A lesson in piggie biology: not the birds and the bees, but the worms and the trees. In some ways this is the inverse of the Filhes. Not love without sex, but sex without love—and for that matter, sex without communication between a semi-sentient tree and a non-sentient worm. The novel likes thinking of ingenious ways to pry apart the interaction part of love from the sex part.

Quote #9

"What if they could find a way to let infant human girls conceive and bear children which would feed on their mother's tiny corpse?"

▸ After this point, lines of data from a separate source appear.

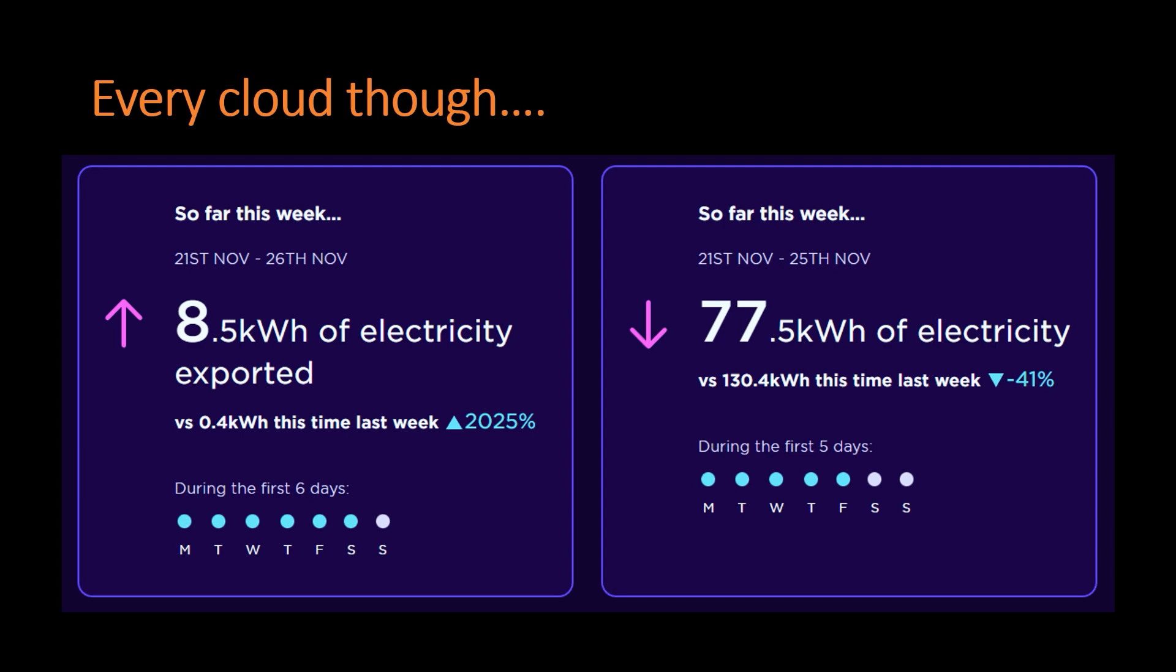However, this week has seen much better weather than the rest of the month, so we are exporting to the grid, and this time we will actually get paid for it. As you can see, we're now being tracked on this through Octopus Energy.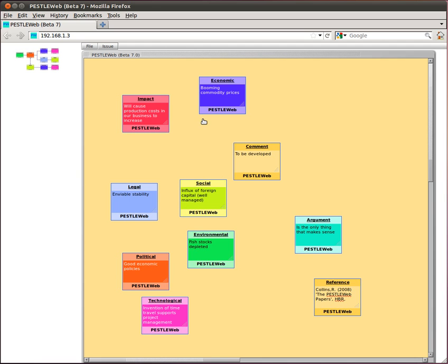Hello, my name is Monica and I'm going to give you a brief demonstration of the Pestelweb Beta 7 website. When you first open the site, there will already be some example issues in the drawing area.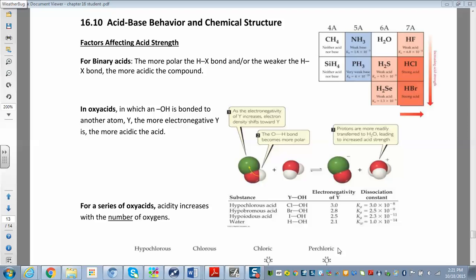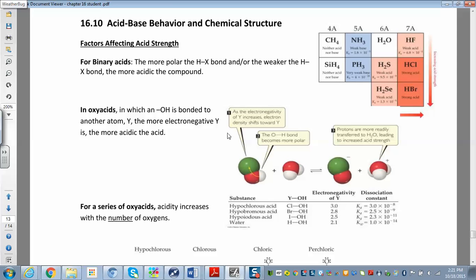There are two types of acids we're going to consider: binary acids and oxy acids. Binary acids have a hydrogen — all acids have hydrogen, that's what makes an acid an acid, they're proton donors — and then something else. So HCl, HF, HBr are all binary acids. An oxy acid has oxygen attached as well, so you have hydrogen and oxygen. The fundamental difference is that in a binary acid hydrogen is attached directly to another atom, while in an oxy acid the hydrogen is attached to an oxygen which is attached to something else.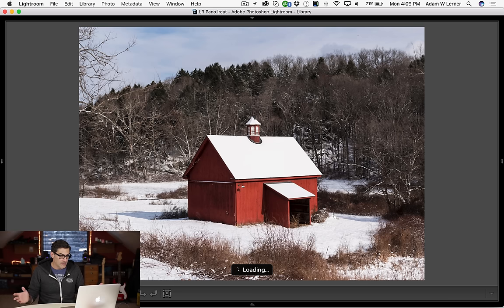So there you go. That's it. That is creating a panorama via the photo merge module in Adobe Lightroom. If you have any questions or comments, please leave them below and we'll see you soon.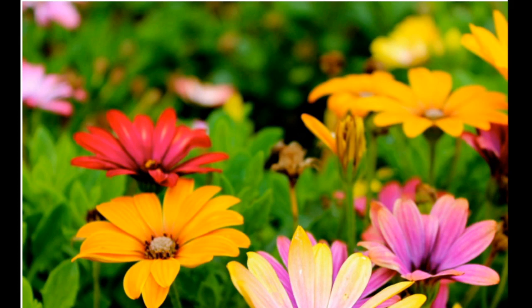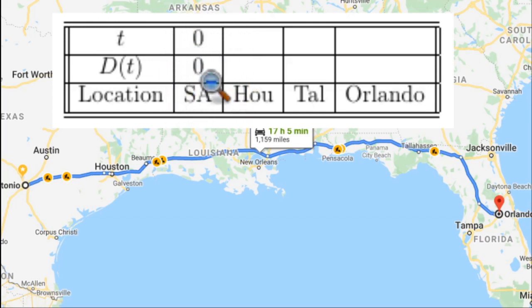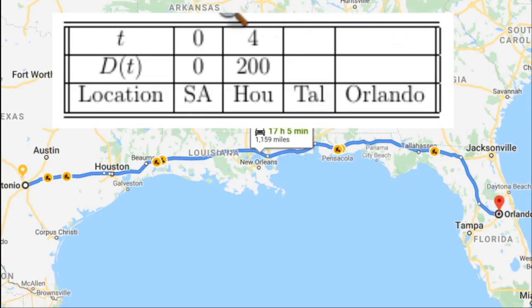Some students told me about their spring break — they went from San Antonio to Orlando, Florida. One of the students decided to keep track of the trip as they went, started a stopwatch when they left. At time zero they had traveled a distance of zero miles. She was looking at the odometer to find out how far they had traveled and the stopwatch to see how much time had passed. When they got near Houston, she noticed they had been traveling for four hours and had traveled a distance of 200 miles.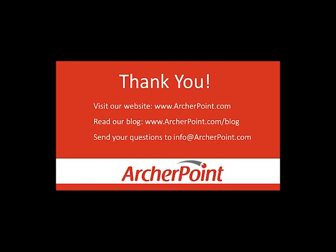Thanks for watching this Archer Point video. If you found it helpful, make sure to check out our website and blog at www.archerpoint.com. Additionally, if you have any questions regarding our products, services, or information in this video, feel free to email us at info@archerpoint.com. Thanks.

"What are you talking about!" said Ouanda.

"That's sick," said Ella.

"We didn't come here to attack them at the root of their lives," said Ender. "We came here to find a way to share a world with them. In a hundred years or five hundred years, when they've learned enough to make changes for themselves, then they can decide whether to alter the way their children are conceived and born." (17.173-176)

Sex is seen here as the root of people's lives—as it is for Marcao and Novinha, who Ender explains in his speaking largely on the basis of who they do or don't have sex with. More importantly though, Shmoop also appreciates Ender's little horror movie about infant human mothers having their babies eat their way out of the corpses. If he wasn't so busy writing biographies, maybe Ender could have been the futuristic Stephen King.

Quote #10

It was all right for Human to take pride in his father's many matings, but as far as the wives were concerned, they chose fathers solely on the basis of what was good for the tribe. The tribe and the individual—they were the only entities the wives respected. (17.263)

The piggies are essentially eugenicists—they engage in planned mating in the interest of promoting good genes from the most valuable individuals. It's interesting that none of the humans seem to find this disturbing. Eugenics was an important part of Nazi thinking, is related closely to racism, and is one of the more unquestionably evil ideologies that humans have managed to inflict on each other. A race of determined eugenicists you'd think would at least merit some ethical discussion in the novel, but it doesn't.